● **AIM OF THE TASK**:
Excluding images, repeat the data exactly as given.

● **COLLECTED MATERIAL**:
______

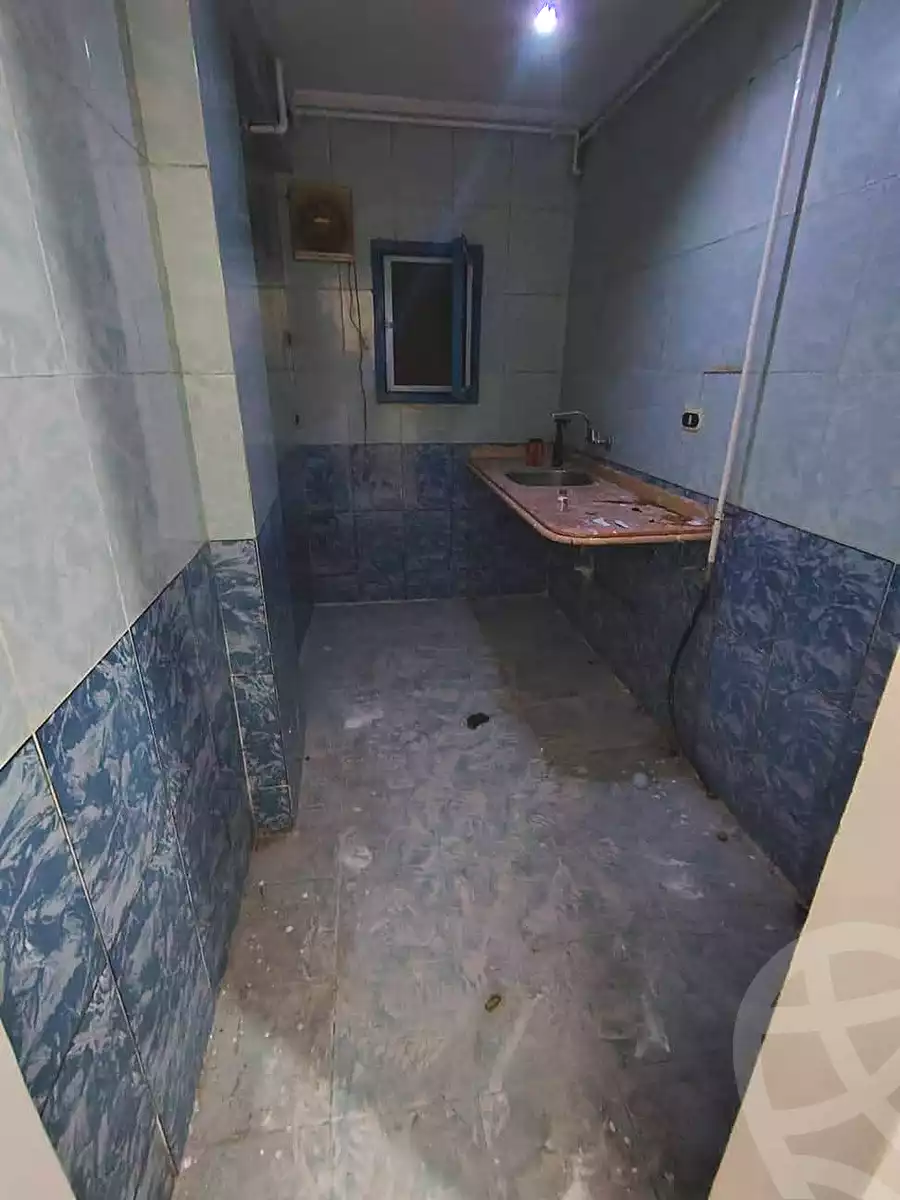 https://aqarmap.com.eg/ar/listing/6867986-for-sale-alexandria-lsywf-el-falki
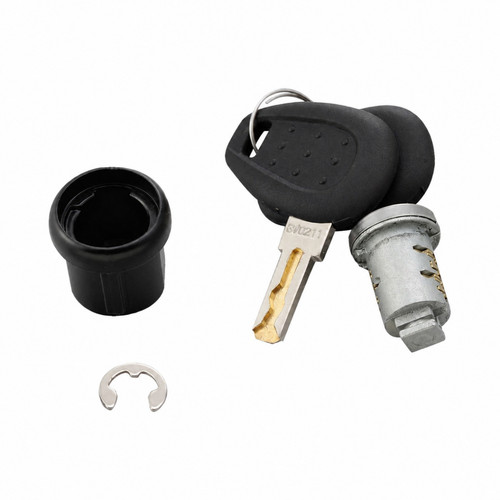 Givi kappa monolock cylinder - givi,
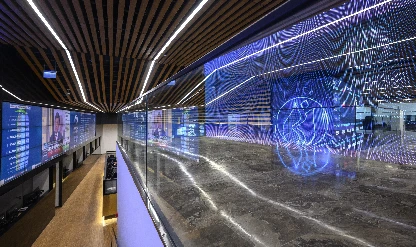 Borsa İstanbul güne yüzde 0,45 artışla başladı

______

● **FINAL ANSWER**:
 https://aqarmap.com.eg/ar/listing/6867986-for-sale-alexandria-lsywf-el-falki
 Givi kappa monolock cylinder - givi,
 Borsa İstanbul güne yüzde 0,45 artışla başladı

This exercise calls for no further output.